Aug. 26 (UPI) — Officials at University of Florida Health announced Tuesday that they enrolled the first two participants in a national study to assess whether convalescent blood plasma stops progression of COVID-19 from mild to severe illness.
The Clinical Trial of COVID-19 Convalescent Plasma of Outpatients will be conducted at 50 medical centers across the country and will ultimately enroll 600 participants, with half receiving convalescent blood plasma and the other half receiving a placebo multivitamin in a saline solution, officials said.

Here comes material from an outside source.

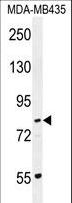 PCDHGA1 Antibody - PCDHGA1 Antibody western blot of MDA-MB435 cell line lysates (35 ug/lane). The PCDHGA1 antibody detected the PCDHGA1 protein (arrow).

“We are trying to see if the blood plasma gives these patients an edge in the outpatient environment,” Dr. Lisa H. Merck, vice chair of research in the UF College of Medicine’s department of emergency medicine, said in a statement.
“This is a study that could ultimately change how we treat this population of patients,” she said.
On Sunday, the U.S. Food and Drug Administration granted an emergency use authorization for convalescent plasma in patients hospitalized with COVID-19.
That decision does not have an impact on the current study, which will test the treatment in patients early in the course of illness who are discharged from emergency rooms, officials said.
Convalescent plasma is the yellowish liquid part of blood. It contains antibodies produced by the immune system that help fight off infection. These antibodies remain in the blood even after a person recovers.
Based on history with other virus outbreaks — Ebola and H1N1 flu, among others — researchers think convalescent plasma obtained from people who have recovered from COVID-19 might protect others from worsening illness.
The study focuses on the use of convalescent plasma, collected by blood banks, that has a high load of antibodies. It’s the first national randomized control trial, the gold standard of clinical research, to test convalescent plasma.
To be eligible for the study, which is being funded by the National Institutes of Health, participants must have a mild form of COVID-19 that does not require hospitalization, Merck said.
They also must have one of several risk factors that make them more susceptible to severe illness from the virus, including being over age 50 and having heart or lung disease or diabetes.
Study participants will be tracked for a month, although researchers are focused on the first two weeks, when the course of a patient’s illness begins to become more defined, officials said.